Ce corpus, conservé dans un porte-documents d’époque, comprend notamment :
un manuscrit de l’oraison funèbre de Louise de France,
de nombreux poèmes, contes, fascicules et textes littéraires de sa main,
ainsi que plusieurs dizaines de manuscrits inédits, couvrant plus d’un demi-siècle de vie intellectuelle.
L’ensemble s’étend de la fin du XVIIIᵉ siècle jusqu’à une lettre de 1842, dans laquelle Rabany évoque lucidement la dégradation de son état de santé.
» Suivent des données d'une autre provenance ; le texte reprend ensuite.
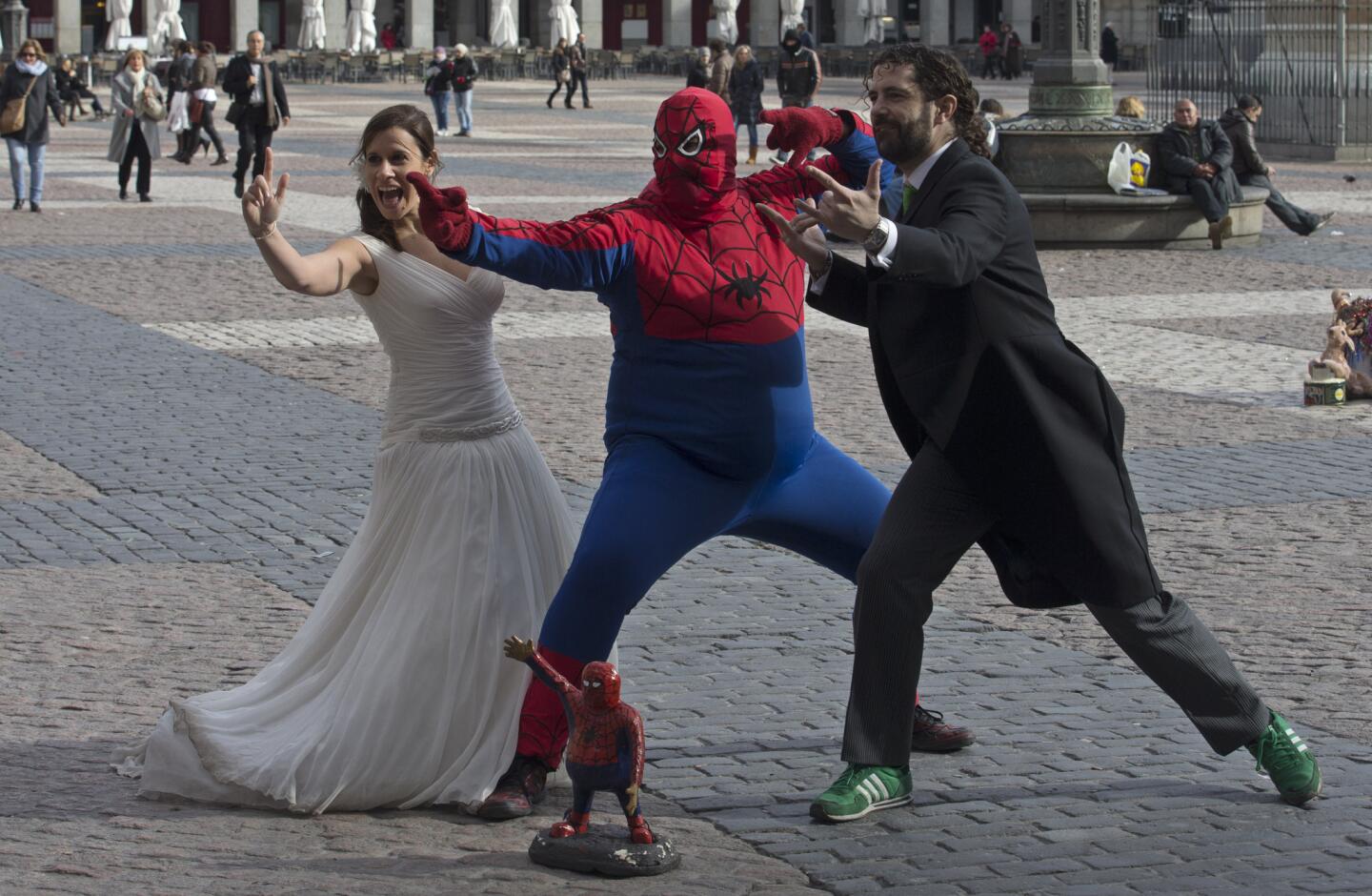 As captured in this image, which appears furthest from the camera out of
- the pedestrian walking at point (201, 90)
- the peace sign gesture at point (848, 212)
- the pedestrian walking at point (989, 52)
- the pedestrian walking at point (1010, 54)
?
the pedestrian walking at point (989, 52)

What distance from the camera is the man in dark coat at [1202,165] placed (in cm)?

Il s’agit d’un fonds d’un intérêt littéraire, historique et biographique majeur, dont aucune publication moderne ne semble s’être fait l’écho.
En tout plus de 400 pages inédites.
Antoine Rabany, dit Beauregard (né à Brioude en 1765 – mort dans la même ville en 1843), appartient à cette génération de lettrés provinciaux profondément marquée par la Révolution française puis par les réorganisations intellectuelles du Consulat et de l’Empire. D’abord employé à la Bibliothèque du Roi, il devint ensuite professeur à l’École centrale du Puy-de-Dôme, institution républicaine chargée de refonder l’enseignement. Il occupa par la suite les fonctions de chef d’institution à Évaux, avant d’être attaché à la Bibliothèque impériale puis de soutenir un doctorat à la Faculté des lettres.
Auteur de traductions, d’ouvrages d’histoire et de textes littéraires, membre de sociétés savantes locales, Rabany évolua toute sa vie entre érudition, enseignement et écriture. Son œuvre, restée largement manuscrite, témoigne d’une curiosité vive, d’un style parfois élégant et d’un regard sensible porté sur son époque.
L’ensemble provient directement d’une propriété familiale aveyronnaise où il était conservé depuis le XIXᵉ siècle.
Il constitue une source de première importance pour l’histoire intellectuelle de la région, pour l’étude de l’enseignement sous la Révolution et pour la redécouverte d’un auteur oublié.